And headed down toward the south lock the next morning past the old Superintendent's house.
We went to the Rose Buddies' wine, beer and cheese party on the dock and discovered that Fred Fearing, who started the tradition many years ago was sick in bed and couldn't attend himself. All the cruisers got together to send Fred a card and to collect money for a new hand-held radio for Sam, whose personal radio had died a few days before. We sent our recalcitrant outboard out to be repaired by a Nissan dealer at great expense for a "faulty black box" and other stuff.[NOTE: Three days after we left Elizabeth City, we discovered that Fred has died at 93 and that, the same day, the local police had issued a cease and desist order to stop Sam from assisting boaters in docking at the free town docks.]
From Elizabeth City we traveled south, anchoring at Tuckaho Point and Campbell Creek, enjoying the quiet and solitude in the latter for a couple of days. Unfortunately, the outboard failed us again, so the captain didn't get a chance to explore the creek by dinghy.

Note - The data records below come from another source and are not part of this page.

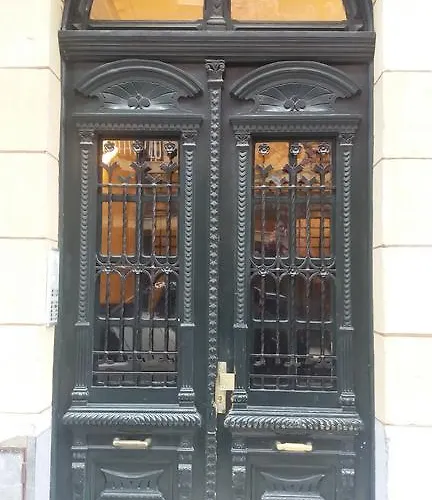 Larramendi Terrace Apartment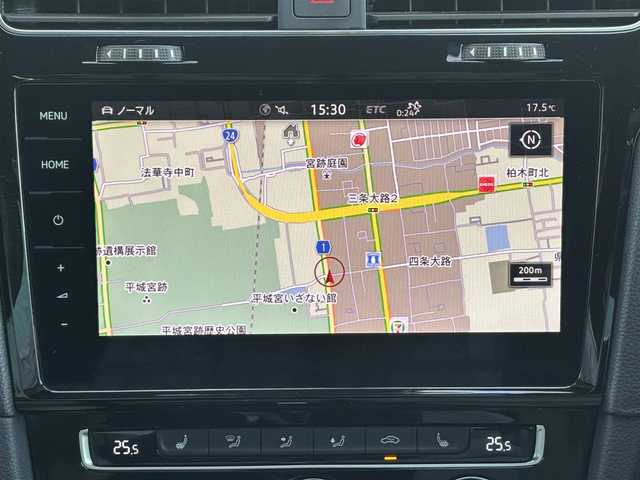 フォルクスワーゲン ゴルフ TSI ハイライン マイスター 奈良県 2020(令2)年 6.8万km ディープブラックパールエフェクト 1オーナー/純正メーカーナビ/BT/CD/USB/DVD/SD/TV/AUX//ブラインドスポットモニター/テレビキャンセラー/レーンキープアシスト/コーナーセンサー/レーダークルコン/リアトラフィックアラート/ETC2.0/バックカメラ/パーキングアシスト/ステアリングスイッチ/パワーシート/レザーシート/シートヒーター/メモリーシート/MTモード付AT/プッシュスタート/オートLEDライト/保証書・取説・スペアキー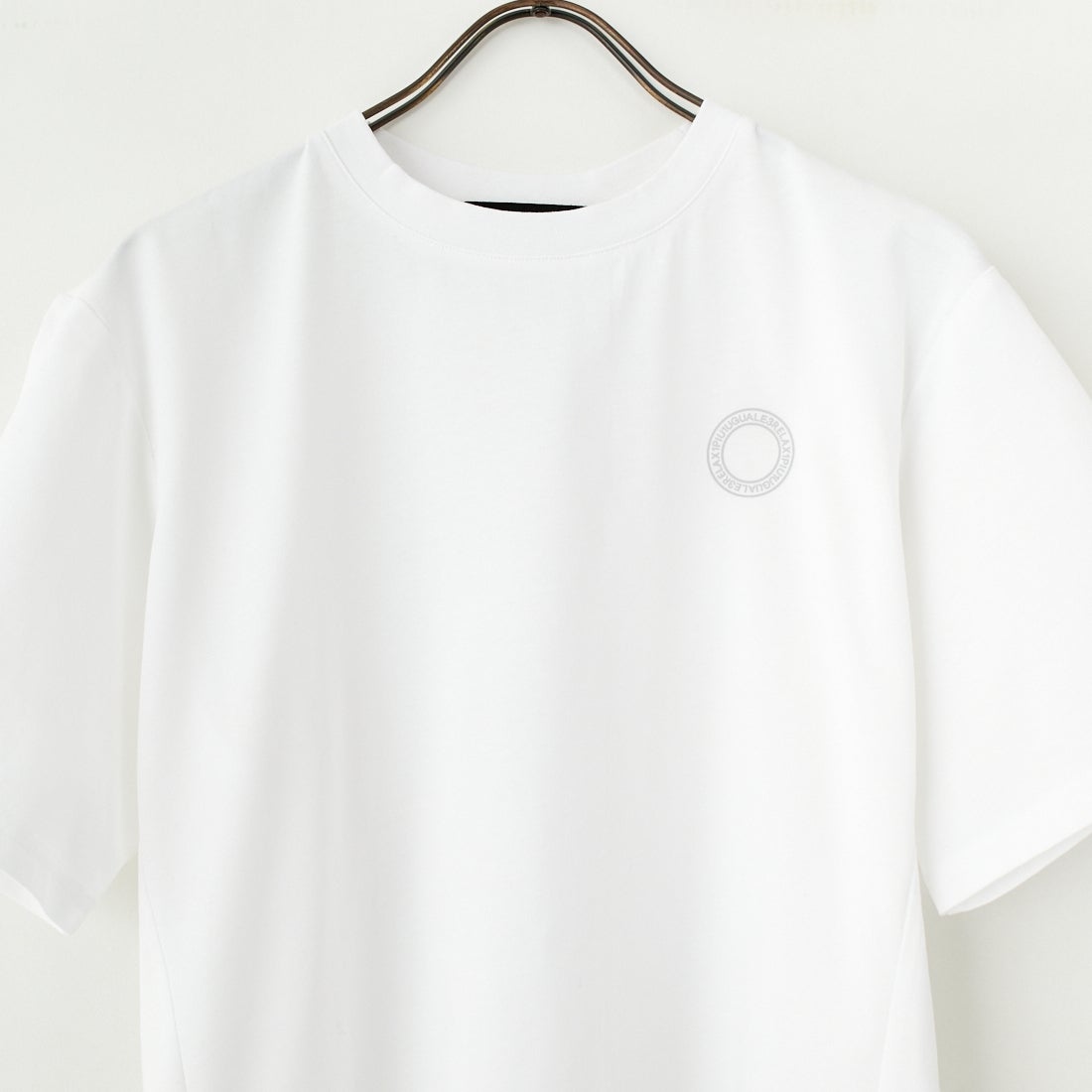 1PIU1UGUALE3 RELAX [ウノ ピゥ ウノ ウグァーレ トレ] 別注 メッシュデザイン バックプリントTシャツ [UST-25120IN-JF] WHITE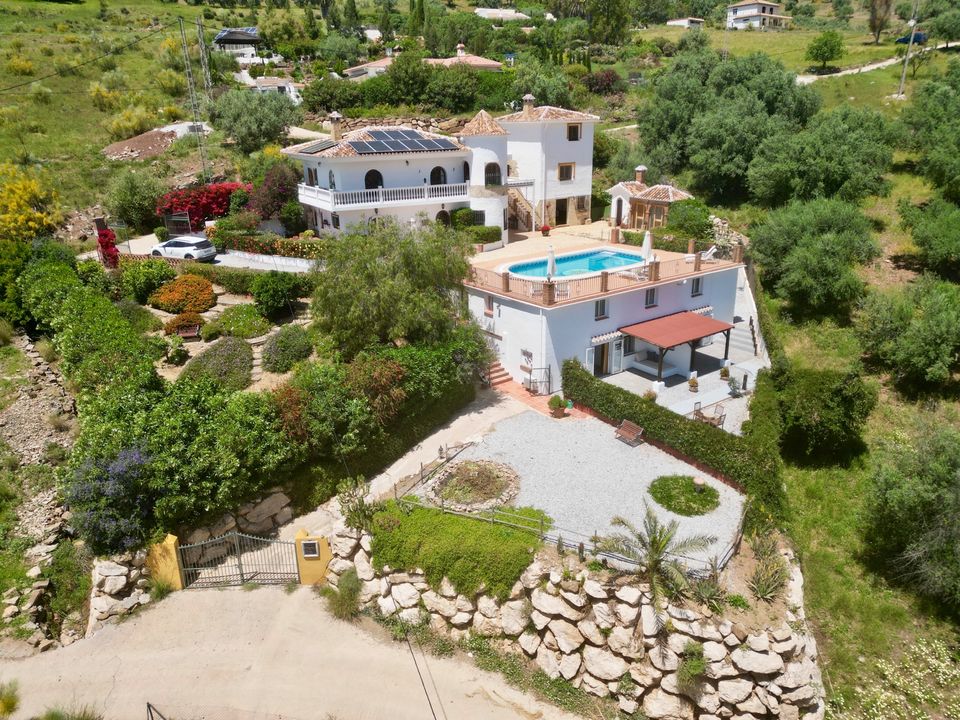 Villa i Alcaucin, Malaga - foto 1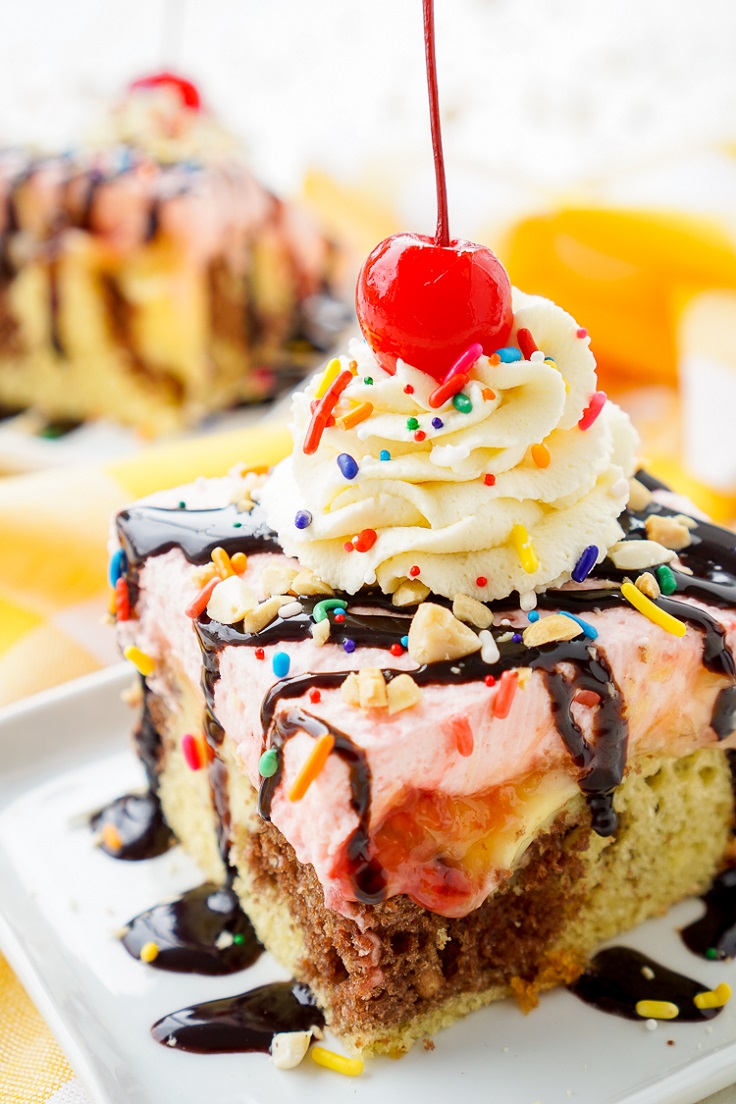 Banana-Split-Poke-Cake.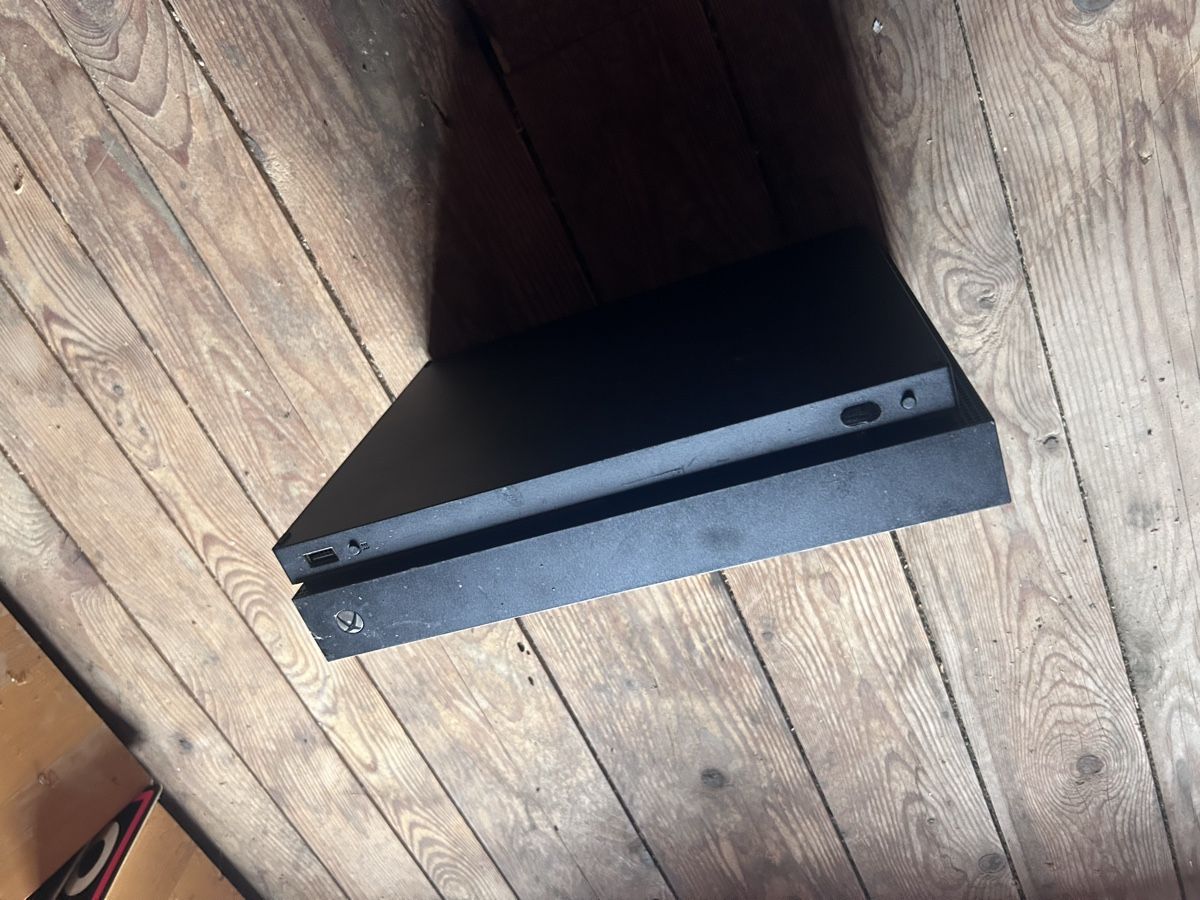 Microsoft Konsolen: XBOX One X – Gebraucht aus Huttwil von Pascal1234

We spent the next two nights in a slip at the Oriental Marina, right across the street from The Bean, the local coffee shop which serves as a hangout for both the locals and the many boaters. We indulged in nice hot showers (complete with marina-supplied towels, soap, and shampoo), ice cream at The Bean, both breakfast and lunch "out", and a major reprovisioning at the grocery store (with a ride home provided by the store). We sent the outboard out to a different dealer and this time it came back with a diagnosis of dirty fuel, which I suspect was the problem in the first place. We cleaned out the gas tanks and started over and it has worked fine since. (NOTE: It has been proven that George W's Texas corn likker mixed with our gasoline is destroying the innards of outboards and other marine gasoline engines. Cripes, look what it did to George! We have been told that gasohol hasn't shown up at the marinas in North Carolina yet.)
Sunset at Oriental
Along the way, we had heard about a Southern Cruisers' Rendezvous at New Bern and, since we were ahead of our schedule, decided to head for it. Along the way we passed "Freddy Freddy" who we had been traveling with off and on since Annapolis. He built the boat himself from an old lobster boat (which he adjusted, hacked, wedged, and twisted before he used it as a male mold for a new fiberglass hull) and an old sailboat hull which he cut in half and used as hull and deck extensions. The bay windows in the cabin create lots of light and space. The sailboat hulls help create a side deck to walk around them.
In New Bern we anchored off the town with a bunch of other cruisers, walked around the town and attended some of the seminars, workshops and a great barbecue dinner at the Rendezvous.
We remet friends from previous trips.
Bruce and Lynda from Jet Stream
And met some new ones.
Joe and Judy from Just B'cause
From here we head to a marina about six miles away to leave the boat for a week so that we can fly to Kissimmee, Florida to babysit our grandson while daughter Elizabeth and husband go to a wedding. After that, we're on our own with no fixed schedule or definite appointments. Maybe the Abacos for Christmas?